Brenda Laurel takes a turn at the rules of operation for Interactive Fiction.
In my view, Nick Montfort's most important observation is that computer games are a new kind of animal that comes in lots of different sizes, colors, and subspecies. His observation that a computer game "is a potential narrative that may contain game elements" points to a reader-response-oriented view, that the narrative can be understood to be the player's construction of what happens in an interactive session.
Montfort asks why we use the word "game" as a default noun, when clearly many forms of interactive play are not games. It may be because "game" approximates the idea of "play," which, when used as a verb, often takes "game" as its object. But the central pleasure of play, as for the audience member of a theatrical event or for the reader of fiction, depends upon the absence of serious consequences in real life. We can feel for Hamlet but we will not die with him.
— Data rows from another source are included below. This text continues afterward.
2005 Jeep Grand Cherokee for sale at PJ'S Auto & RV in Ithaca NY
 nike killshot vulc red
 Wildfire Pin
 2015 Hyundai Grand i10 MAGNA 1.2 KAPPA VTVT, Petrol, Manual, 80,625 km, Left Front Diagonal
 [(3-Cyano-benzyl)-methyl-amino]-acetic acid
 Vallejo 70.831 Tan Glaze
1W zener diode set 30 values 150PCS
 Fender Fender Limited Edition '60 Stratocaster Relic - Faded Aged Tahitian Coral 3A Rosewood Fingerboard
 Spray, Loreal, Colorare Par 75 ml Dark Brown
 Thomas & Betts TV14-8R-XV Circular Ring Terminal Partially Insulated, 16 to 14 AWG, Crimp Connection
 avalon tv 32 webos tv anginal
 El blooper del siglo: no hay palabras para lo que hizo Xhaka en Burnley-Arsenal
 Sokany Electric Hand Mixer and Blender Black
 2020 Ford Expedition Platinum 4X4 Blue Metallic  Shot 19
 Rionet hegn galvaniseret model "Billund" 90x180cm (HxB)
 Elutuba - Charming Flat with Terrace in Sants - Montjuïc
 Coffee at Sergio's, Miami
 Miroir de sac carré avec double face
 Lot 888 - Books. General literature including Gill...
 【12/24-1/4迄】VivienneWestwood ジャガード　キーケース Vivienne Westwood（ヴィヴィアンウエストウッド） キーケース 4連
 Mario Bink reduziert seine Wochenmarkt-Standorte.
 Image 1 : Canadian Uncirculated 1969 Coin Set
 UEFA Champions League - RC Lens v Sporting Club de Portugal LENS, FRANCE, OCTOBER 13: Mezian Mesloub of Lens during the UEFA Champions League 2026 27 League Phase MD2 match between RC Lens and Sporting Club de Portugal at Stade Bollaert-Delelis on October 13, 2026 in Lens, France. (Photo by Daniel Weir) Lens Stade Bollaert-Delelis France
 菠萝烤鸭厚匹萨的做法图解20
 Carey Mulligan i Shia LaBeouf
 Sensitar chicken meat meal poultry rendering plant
What experts call "play patterns" in children's play are instructive in figuring out the structure of play with computers. "Games" are forms of rule-based play. Playing with pattern and rhythm (as with clapping and jumping games) may illuminate the underlying play pattern of games such as Tetris or Breakout. Equally attractive to kids is exploratory or "free" play, where the underlying play pattern often involves improvisational story making. Narrative construction as a play pattern provides an excellent starting place for understanding the pleasure that is particular to IF.